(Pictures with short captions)
■ ■ ■ ■ ■ ■ ■
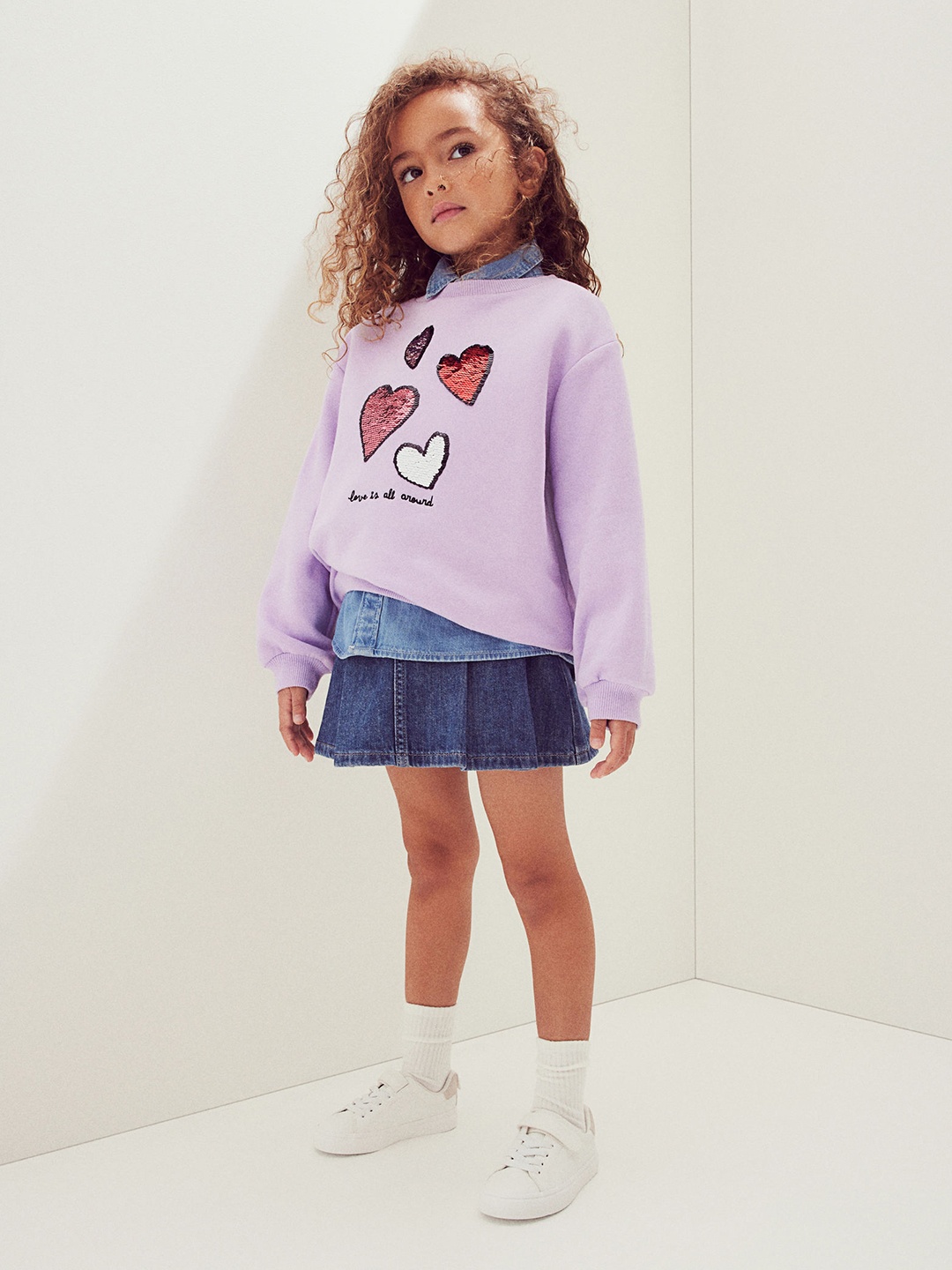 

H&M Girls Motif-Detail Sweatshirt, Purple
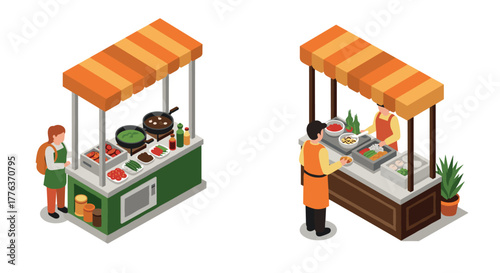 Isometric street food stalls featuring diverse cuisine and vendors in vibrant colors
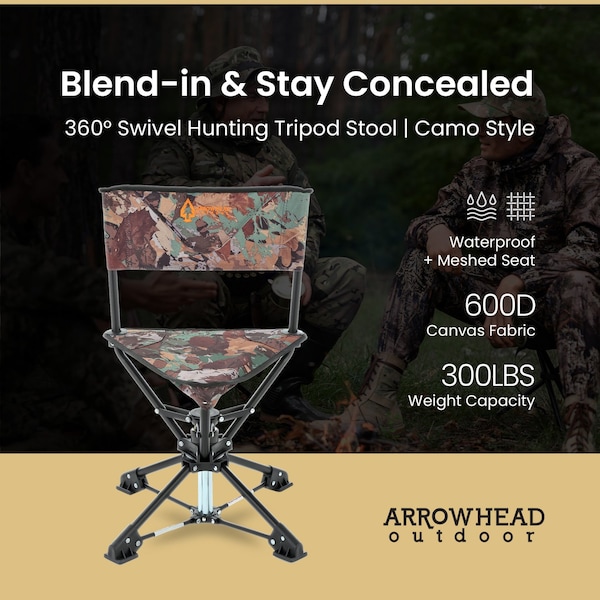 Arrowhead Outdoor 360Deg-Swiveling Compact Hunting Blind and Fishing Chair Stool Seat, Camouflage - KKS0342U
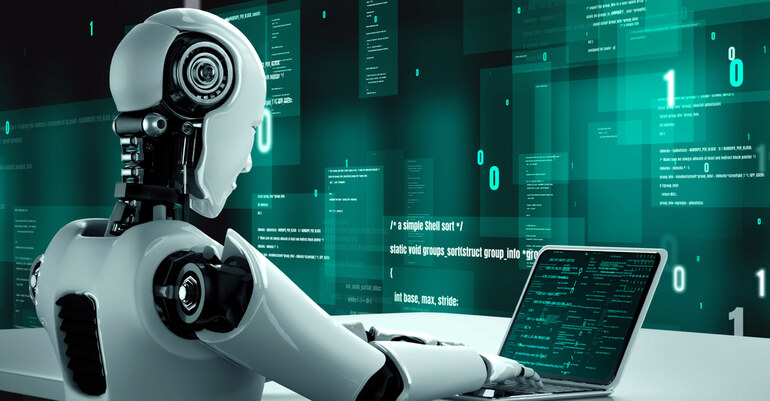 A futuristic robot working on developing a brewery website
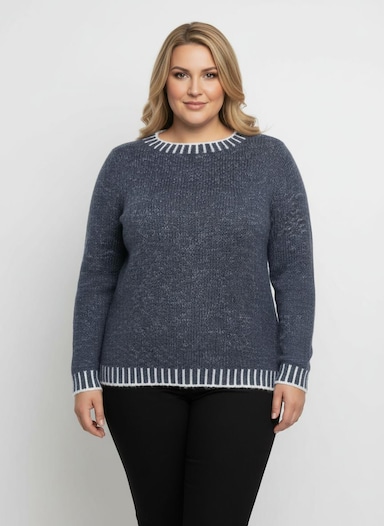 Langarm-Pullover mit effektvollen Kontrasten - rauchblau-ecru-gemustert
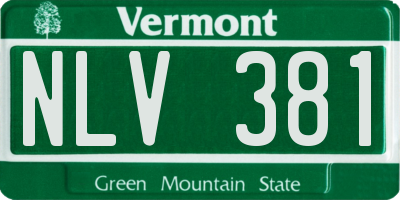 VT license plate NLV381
■ ■ ■ ■ ■ ■ ■
• WORK INSTRUCTION
With pictures left out, transcribe each line from the one containing "Langarm-Pullover mit effektvollen" through the end of the data, both ends included.

• SOLUTION
 Langarm-Pullover mit effektvollen Kontrasten - rauchblau-ecru-gemustert
 VT license plate NLV381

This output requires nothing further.